Ce jeudi 17 octobre plusieurs centaines de salariés se réunissaient devant l’Arena Paris Sud, où se tenait le Mondial de l’automobile, pour dénoncer les licenciements, suppressions de postes et fermetures de sites dont ils sont victimes. Des délégations d’équipementiers sont venues de toute la France : Dumarey, Novares, MA France, Valeo, GMD, Bosch ou encore Walor, Forvia et bien d’autres (plus d’une quarantaine de délégations venues de toute la France). Le rassemblement comptait également de nombreuses délégations de salariés des constructeurs comme Stellantis et Renault – dont certains sites sont également menacés – ou de l’industrie de la chimie, impactés par les attaques contre l’automobile, à l’image de Michelin, ou tout simplement par la rapacité des capitalistes.
Après les dizaines de milliers d’emplois supprimés ces dix dernières années en France dans l’industrie automobile, plusieurs dizaines de milliers sont à nouveau menacés, chez les sous-traitants et les équipementiers, comme chez les donneurs d’ordre. Ironie de l’histoire, c’est ce matin du 17 octobre qu’a choisi le journal Les Échos pour relayer l’annonce de Carlos Tavares, PDG de Stellantis, qu’il se donnait un an pour « trancher le sort de Poissy », dernière usine d’assemblage de PSA en Île-de-France qui compte encore près de 3 000 salariés.

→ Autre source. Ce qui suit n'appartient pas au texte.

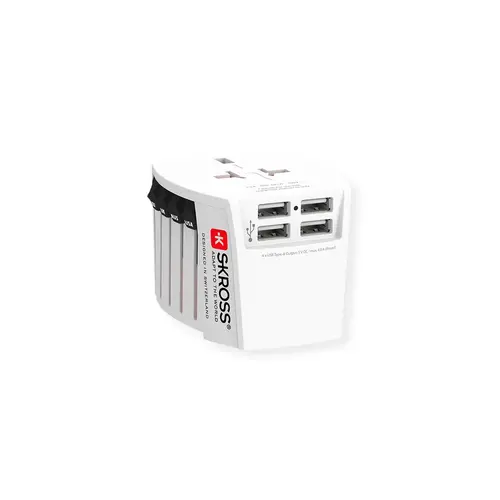 Skross Wereld Reisadapter met42 USB Poorten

Une hécatombe de l’emploi européenne et pas seulement française comme sont venues en témoigner au rassemblement des délégations de travailleurs de l’automobile de Turquie, d’Espagne, d’Italie, d’Allemagne et de Belgique. Leur message était clair : ne nous laissons pas diviser pays par pays ! Une bonne raison pour ne pas se laisser diviser non plus entreprise par entreprise ou site par site !
Que propose Sophie Binet ?
Du côté de la confédération CGT et de sa Fédération des travailleurs de la métallurgie (FTM), principaux organisateurs du rassemblement, la secrétaire générale Sophie Binet a des projets industriels pour les capitalistes de l’automobile en France, pour garantir leurs marges et leurs profits, celui d’un « petit véhicule électrique économique, intégralement fabriqué en France, qui pourrait être vendu autour de 15 000 euros ». Passons sur le fait que 15 000 euros reste un montant trop élevé pour nombre de salariés qui subissent l’inflation. Mais, n’en déplaise à Sophie Binet ou à la CGT, aucun de ses projets ne garantirait le moindre emploi, seulement l’accompagnement des restructurations.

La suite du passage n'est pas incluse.